The needed output is the run of lines below from the one containing "AVELLINO, ITALY - APRIL" through the one containing "NEW Paul Green Alexandra Black Snake 9.5", copied exactly and free of pictures.

* DATA FOR THIS TASK:
+-------+

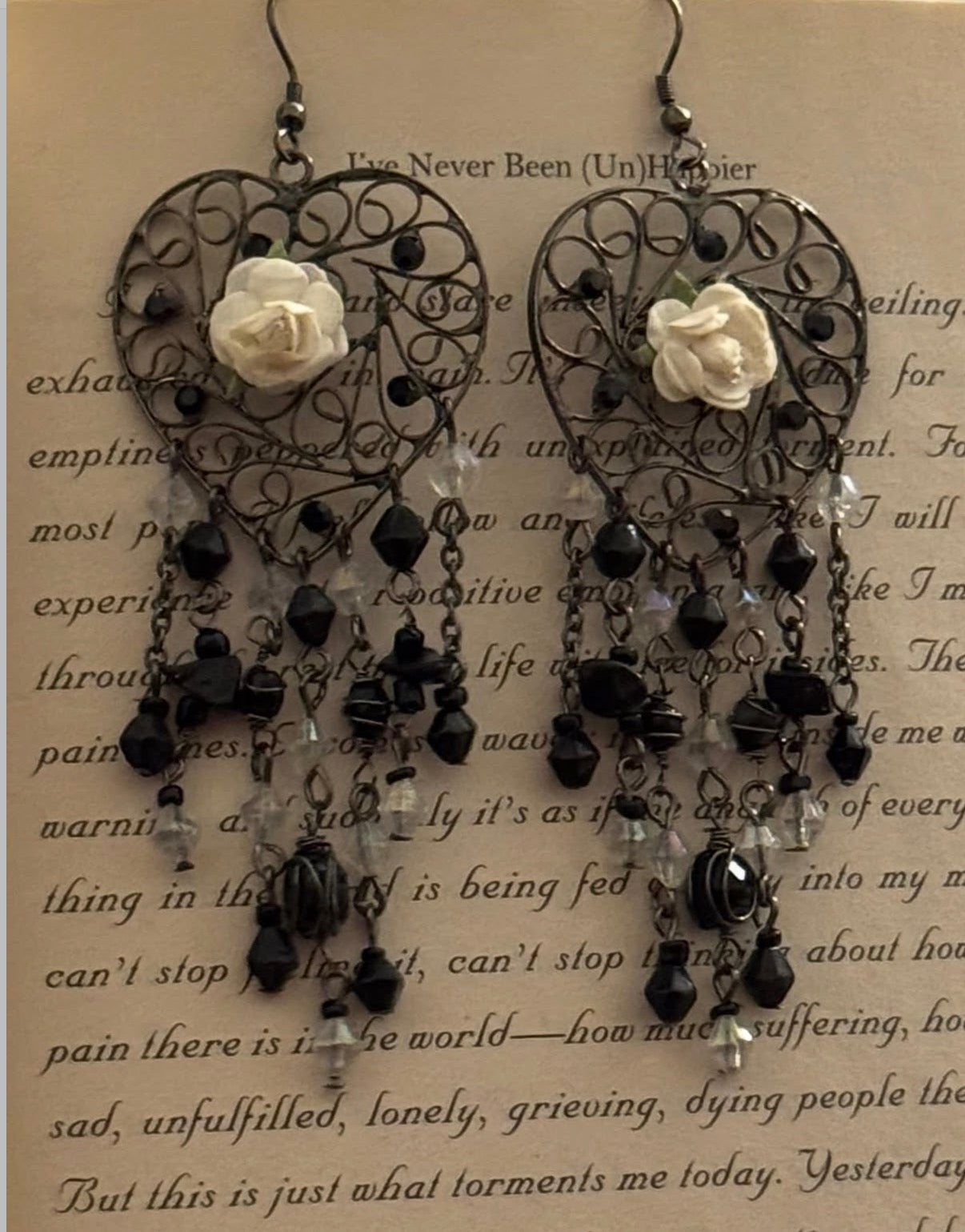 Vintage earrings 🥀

+-------+

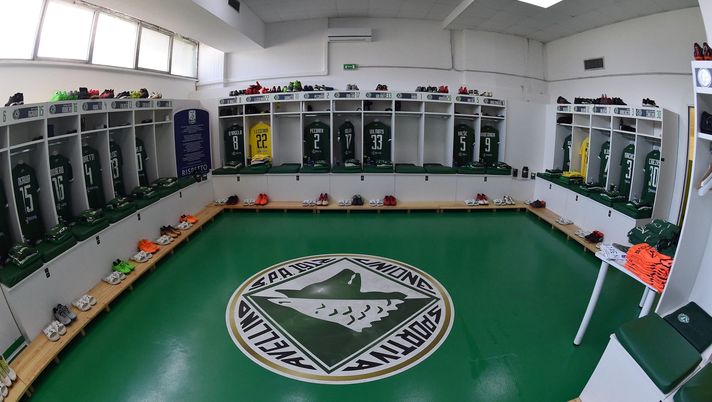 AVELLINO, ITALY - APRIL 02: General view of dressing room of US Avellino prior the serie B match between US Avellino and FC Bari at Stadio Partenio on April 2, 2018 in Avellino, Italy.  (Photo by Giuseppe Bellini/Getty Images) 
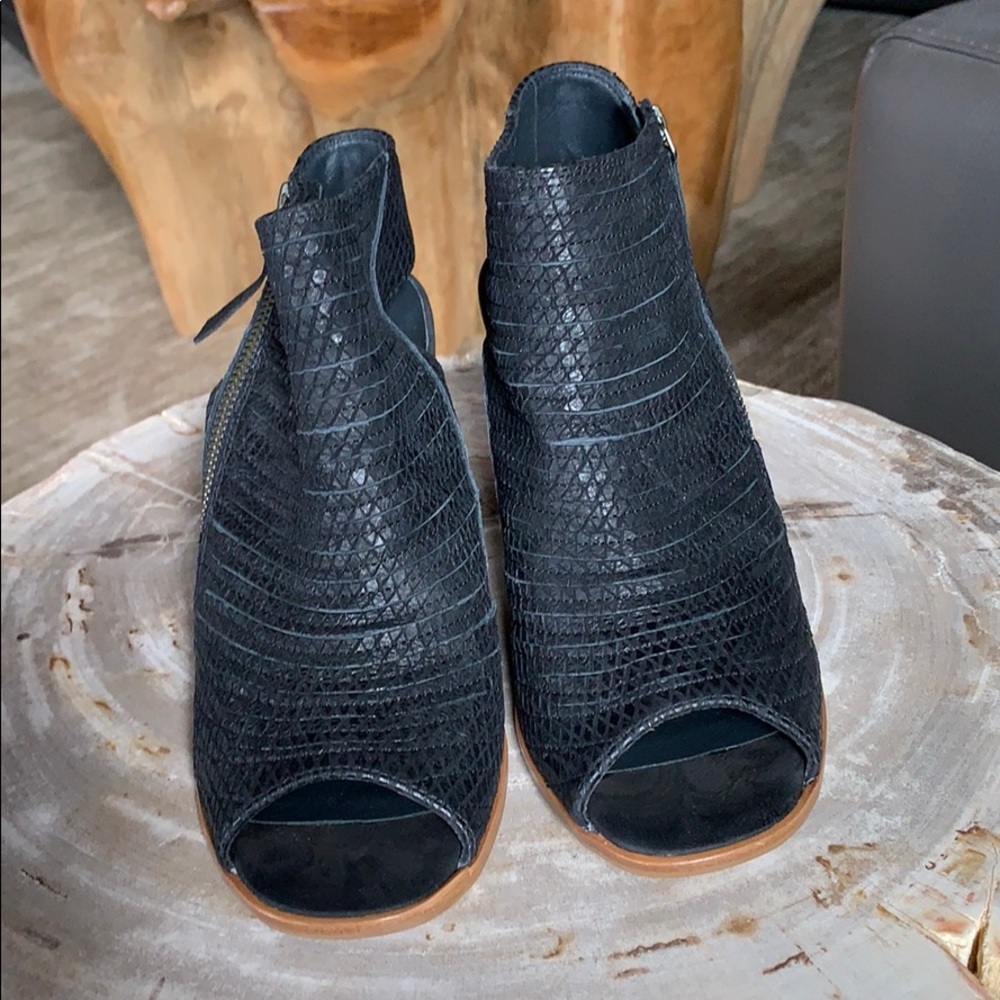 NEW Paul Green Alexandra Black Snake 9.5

+-------+

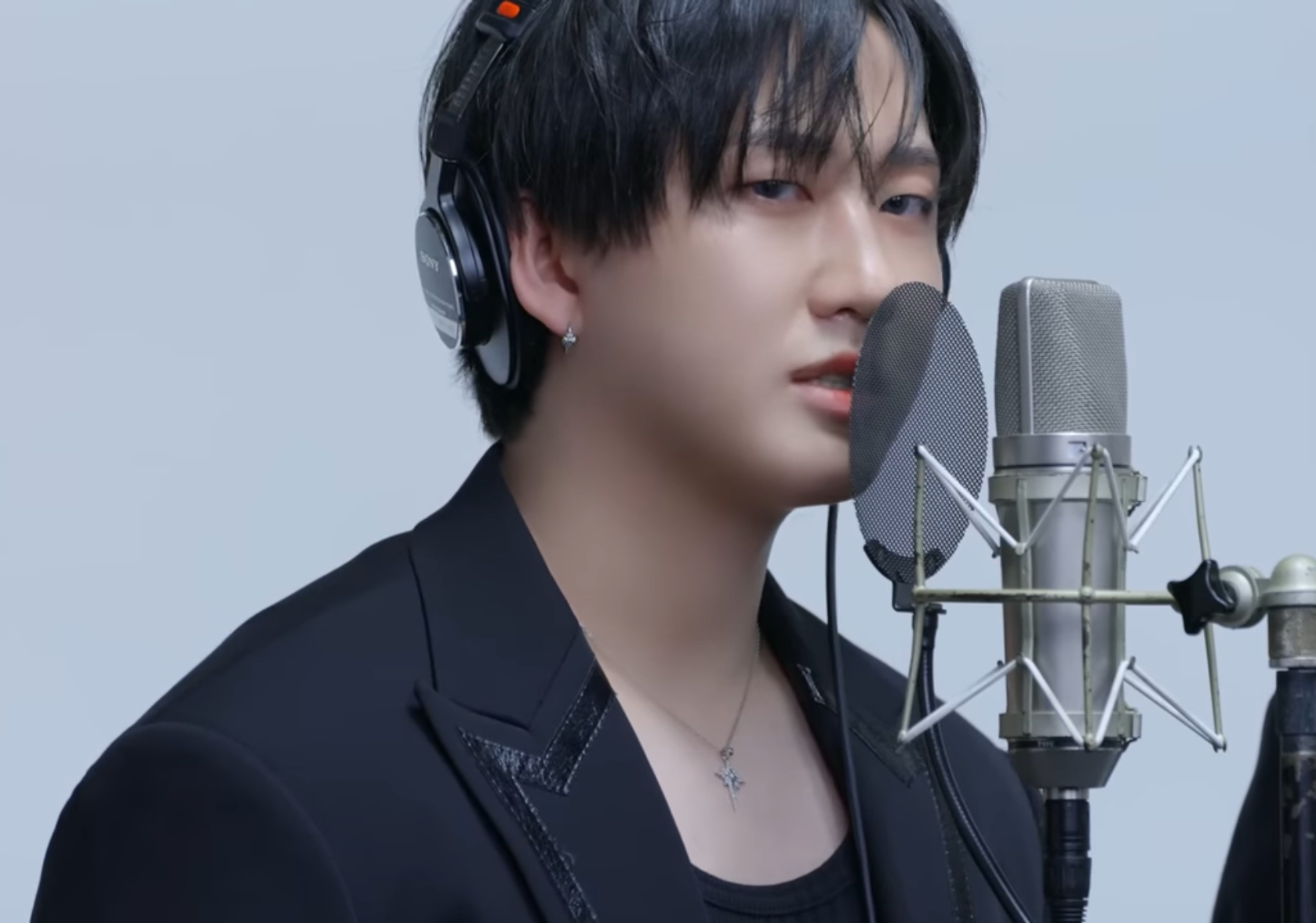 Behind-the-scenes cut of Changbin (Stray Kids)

+-------+

* WORKED SOLUTION:
 AVELLINO, ITALY - APRIL 02: General view of dressing room of US Avellino prior the serie B match between US Avellino and FC Bari at Stadio Partenio on April 2, 2018 in Avellino, Italy.  (Photo by Giuseppe Bellini/Getty Images) 
 NEW Paul Green Alexandra Black Snake 9.5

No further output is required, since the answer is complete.